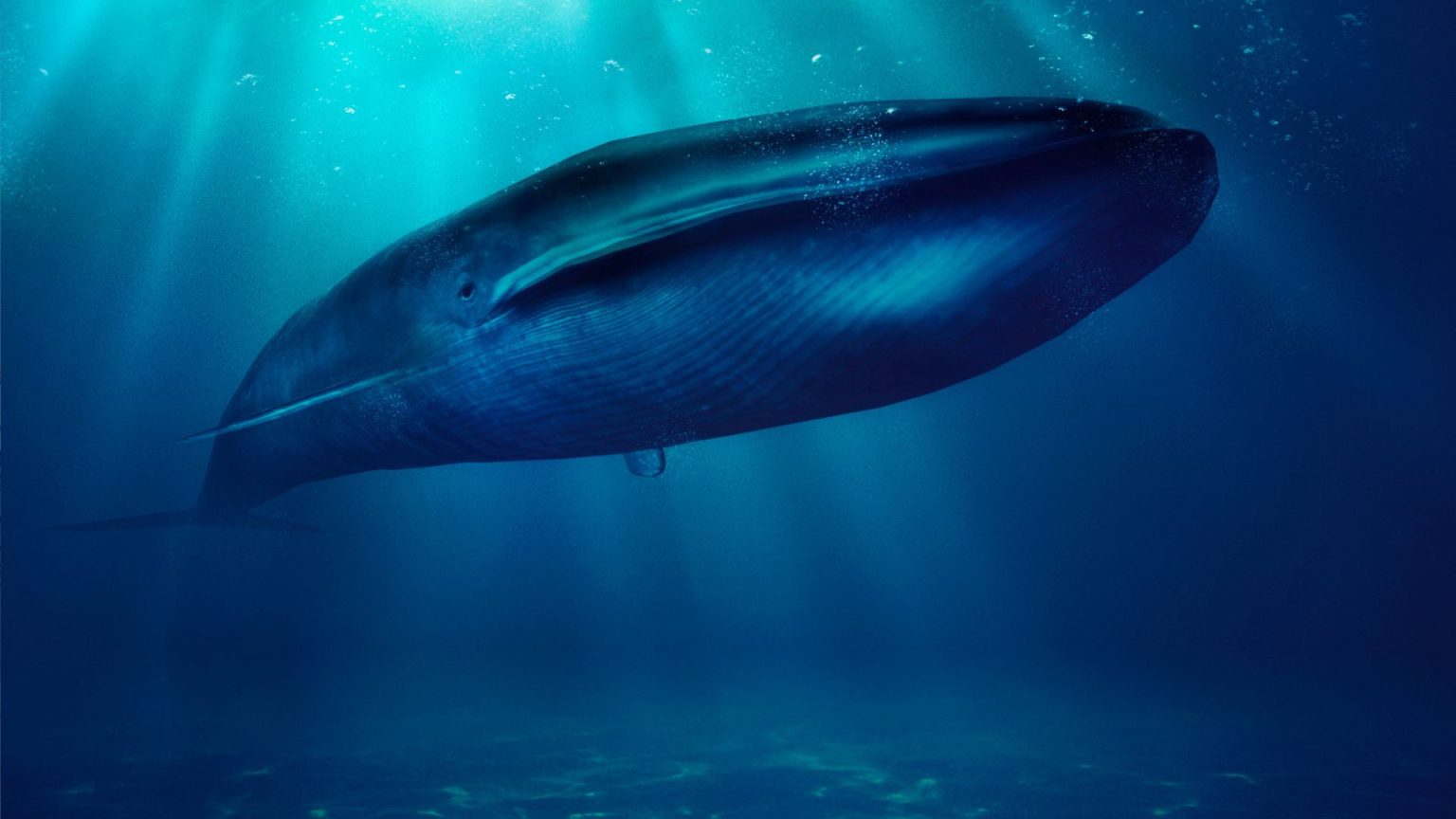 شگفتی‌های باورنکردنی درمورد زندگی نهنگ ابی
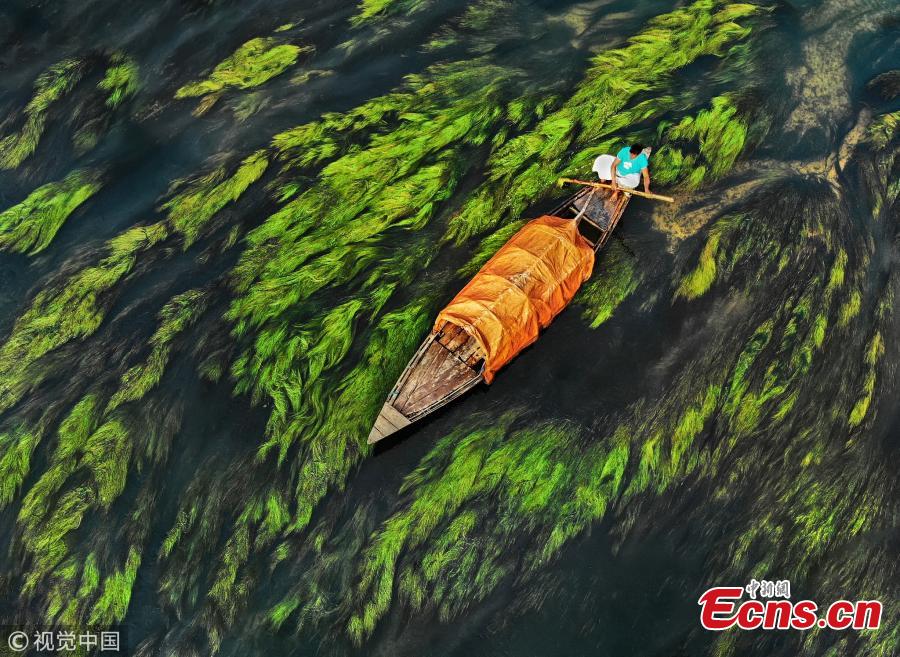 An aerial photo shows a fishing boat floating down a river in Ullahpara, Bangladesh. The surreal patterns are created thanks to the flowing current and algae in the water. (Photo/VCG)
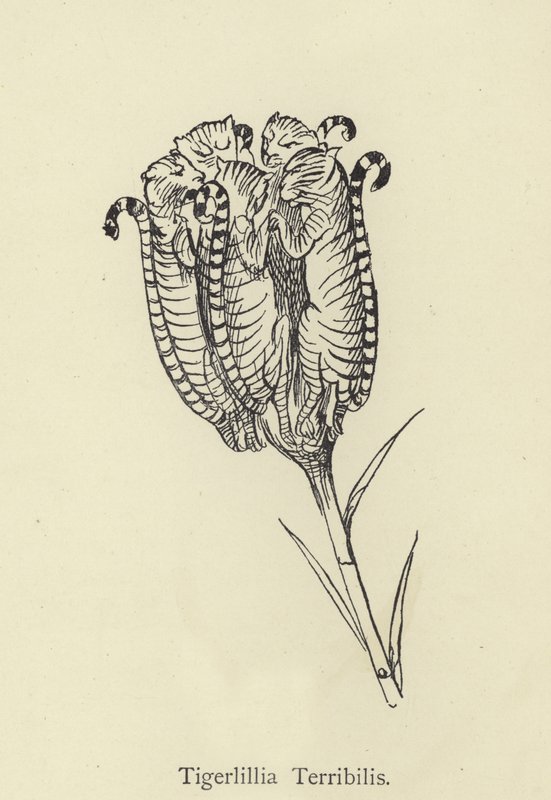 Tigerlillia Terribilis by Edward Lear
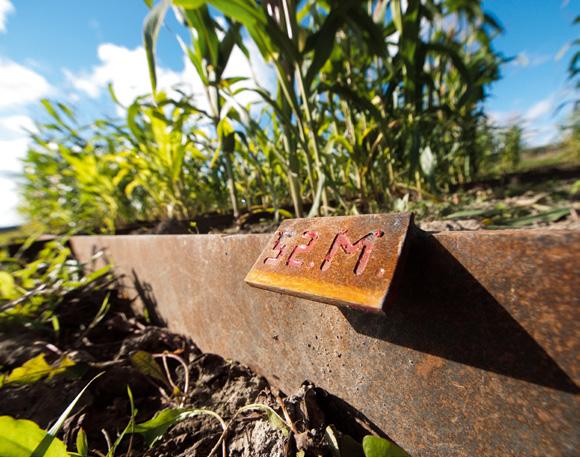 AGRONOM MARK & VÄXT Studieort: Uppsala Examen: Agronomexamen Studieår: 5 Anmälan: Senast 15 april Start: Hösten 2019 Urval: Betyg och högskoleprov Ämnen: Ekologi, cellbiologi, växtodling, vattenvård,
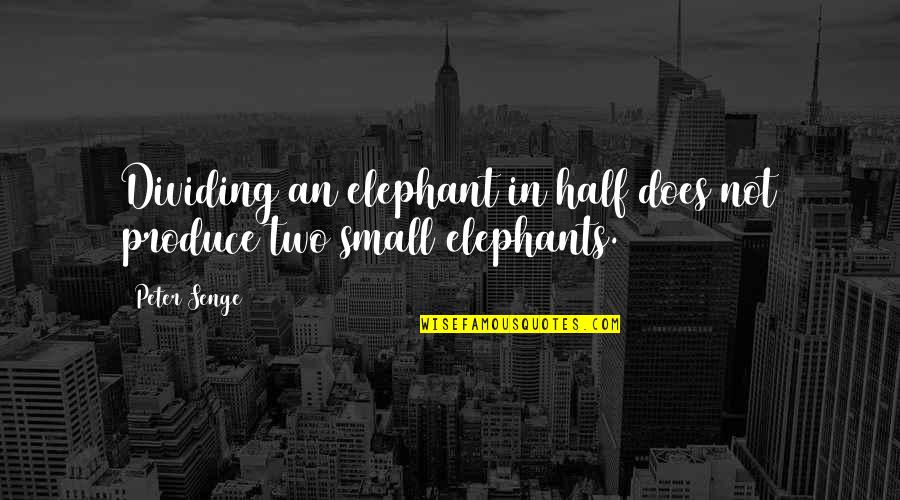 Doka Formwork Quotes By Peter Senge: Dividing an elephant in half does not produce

- **Your goal**
Please copy exactly, and only, the lines from the one that contains "AGRONOM MARK &" through the last line of the data above, omitting all pictures.

- **Answer box**
 AGRONOM MARK & VÄXT Studieort: Uppsala Examen: Agronomexamen Studieår: 5 Anmälan: Senast 15 april Start: Hösten 2019 Urval: Betyg och högskoleprov Ämnen: Ekologi, cellbiologi, växtodling, vattenvård,
 Doka Formwork Quotes By Peter Senge: Dividing an elephant in half does not produce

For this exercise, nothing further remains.